Cross-cloud permissions discovery: Granular and normalized metrics for key cloud platforms: AWS, Azure, and GCP.
Permission Creep Index (PCI): An aggregated metric that periodically evaluates the level of risk associated with the number of unused or excessive permissions across your identities and resources. It measures how much damage identities can cause based on the permissions they have.
Permission usage analytics: Multi-dimensional view of permissions risk for all identities, actions, and resources.
Remediate
Customers can right-size permissions based on usage, grant new permissions on-demand, and automate just-in-time access for cloud resources.
Automated deletion of permissions unused for the past 90 days.
Permissions on-demand: Grant identities permissions on-demand for a time-limited period or an as-needed basis.
Monitor
Customers can detect anomalous activities with machine language-powered (ML-powered) alerts and generate detailed forensic reports.
ML-powered anomaly detections.
Context-rich forensic reports around identities, actions, and resources to support rapid investigation and remediation.
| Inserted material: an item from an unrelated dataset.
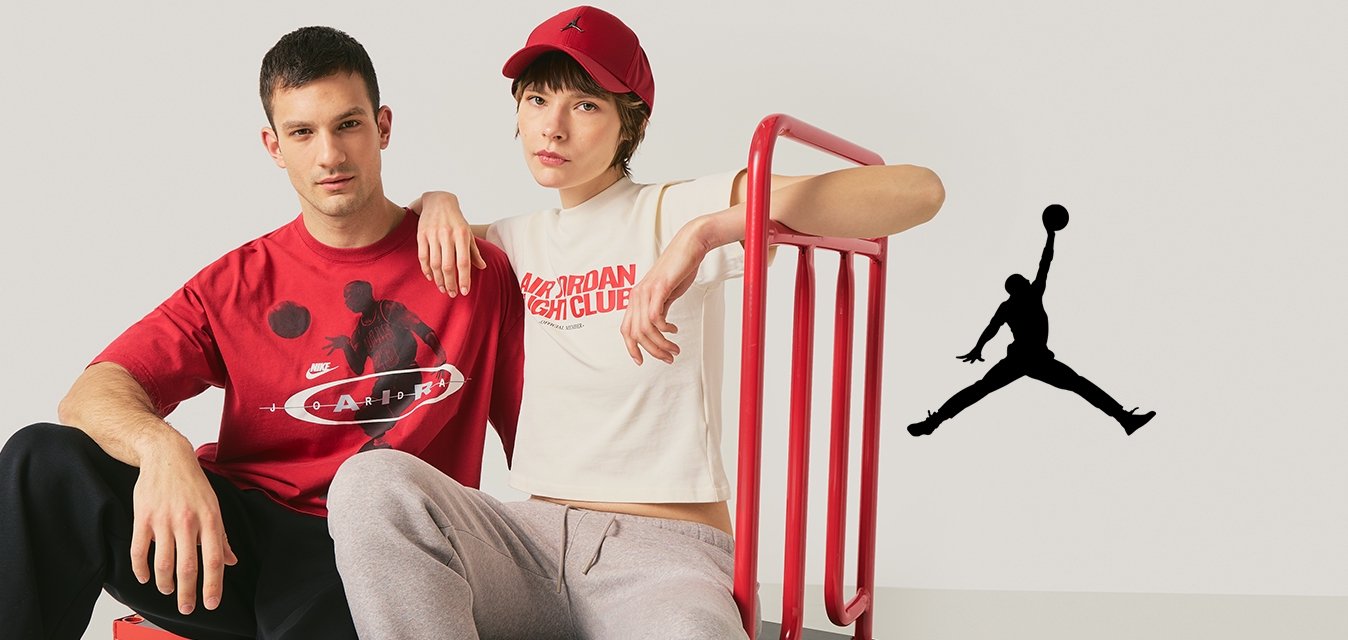 Dva mladí dospělí sedí na červeném plošinovém vozíku; jeden má na sobě červené tričko s grafikou, druhý bílé krátké tričko a červenou čepici.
Permissions Management deepens Zero Trust security strategies by augmenting the least privilege access principle, allowing customers to:
Get comprehensive visibility: Discover which identity is doing what, where, and when.
Automate least privilege access: Use access analytics to ensure identities have the right permissions, at the right time.
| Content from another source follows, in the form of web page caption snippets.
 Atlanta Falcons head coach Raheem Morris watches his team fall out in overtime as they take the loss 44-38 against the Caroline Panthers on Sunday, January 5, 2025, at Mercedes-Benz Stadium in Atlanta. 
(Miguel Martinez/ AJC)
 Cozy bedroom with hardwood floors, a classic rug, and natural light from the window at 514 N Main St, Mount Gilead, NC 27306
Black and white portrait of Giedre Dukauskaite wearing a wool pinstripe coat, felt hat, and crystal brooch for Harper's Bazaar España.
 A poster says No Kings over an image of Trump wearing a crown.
Unify access policies across infrastructure as a service (IaaS) platforms: Implement consistent security policies across your cloud infrastructure.
Once your organization has explored and implemented the discover, remediation and monitor phases, you have established one of the core pillars of a modern zero-trust security strategy.
Key Capabilities
Cross-Cloud Visibility
Think of visibility as the underpinning of any cybersecurity strategy. In the event that your business has distributed enterprise networks, you end up with a fragmented view of the enterprise. Add static dashboards and scattered information. Then, you end up with a situation where you cannot co-relate logs or flag malicious users and lateral threats. That’s why you need granular visibility and contextual analytics of all activity within your cloud environment.
Microsoft Entra Permissions Management offers comprehensive visibility into privileged access. You get to have 3600 security views with infinite granularity. This helps you identify indicators of compromise (IoCs) ahead of the actual threat. Overall, this cross-cloud visibility helps you simplify compliance and audits for your entire multi-cloud environment.
Automated Remediation
You can download fixes for misconfigured policies and have Entra Permissions Management remediate them on your behalf. What’s more, you should be able to update your policies to address new and evolving risks. Overall, with this automated remediation, you can potentially remediate potential issues in real-time.
Anomaly Detections and Alerts
With Entra Permissions Management, you have an integrated audit and compliance engine that continuously monitors and reports on any anomalies, including vulnerabilities, misconfigurations, and compliance violations. With anomaly detection, you can detect and alert on any anomalous activity. This includes unusual activities, geo-locations, and client types. You could get alerts for these anomalous activities through email or integrated third-party SIEM or SOAR tools.
Detailed Forensic Reports
Entra Permissions Management offers incisive out-of-the-box forensic reports that should help your team get in front of potential risk. You can fully customize these reports to have them meet the specific compliance reporting requirements you need for your business. You have the option of having either scheduled or on-demand reports that can be run and distributed by mail. Altogether, these reports come in handy when making vital business decisions.